Título: Consolidação afeta preços e margens do leite
Autor: Rocha , Alda do Amaral
Fonte: Valor Econômico, 04/07/2008, Agronegócios, p. B16

O movimento de consolidação no setor de lácteos alterou o comportamento dos preços do leite no país e tem reflexos negativos nas já apertadas margens das indústrias.

Nos Estados que registraram operações importantes de aquisições, como Minas Gerais, Rio Grande do Sul e São Paulo, os preços do leite pagos ao produtor ficaram mais firmes que em outras regiões brasileiras. Agora, por exemplo, quando as cotações já começam a arrefecer em bacias leiteiras como Goiás, os valores ainda estão estáveis ou até sobem nessas regiões onde aumentou a disputa por matéria-prima.

Outro efeito da consolidação - iniciada no segundo semestre de 2007 - é uma oferta elevada de lácteos atualmente, o que deixa as indústrias estocadas.
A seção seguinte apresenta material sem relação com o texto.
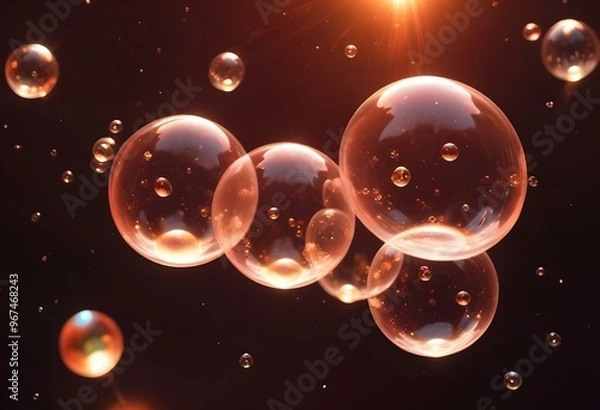 Fototapeta Bubbles floating on a black background with the words bubbles on the bottom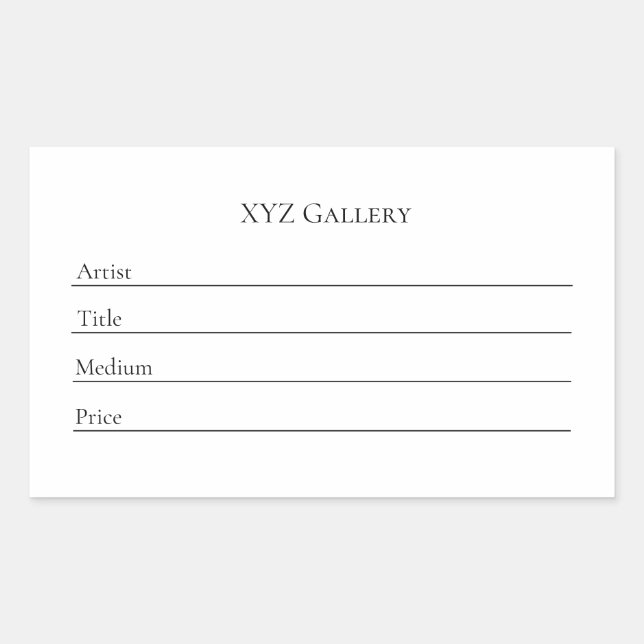 Sticker Étiquette de l'exposition de la Galerie d' (Devant)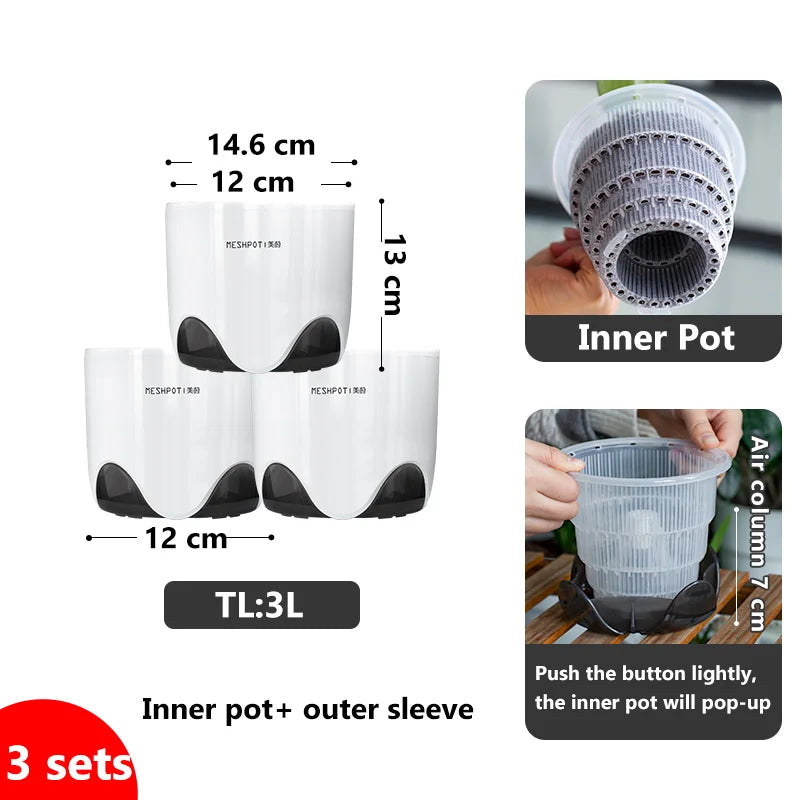 Macetas de plástico para orquídeas de 12 o 15 cm, jardinera de interior transparente de doble capa, contenedor para plantas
Segundo fontes do setor, algumas empresas que foram vendidas ampliaram a captação de leite para "fazer faturamento" e ficarem mais valorizadas na hora da negociação.

Maurício Nogueira, especialista em leite da Scot Consultoria, afirma que antes da onda de aquisições, os preços eram praticamente iguais em São Paulo, Goiás e Minas Gerais. Isso mudou depois que empresas começaram a comprar unidades em outros Estados para "equilibrar o mix". "[O preço em] Goiás foi o primeiro que caiu. São Paulo e Minas estão mais caros".

Esse movimento das empresas para garantir matéria-prima beneficia os produtores de leite, observa Nogueira. Mas do lado das indústrias de lácteos, que têm as margens tradicionalmente pequenas, o novo quadro não agrada. Um empresário paulista diz que os preços ao produtor hoje estão "artificialmente" altos.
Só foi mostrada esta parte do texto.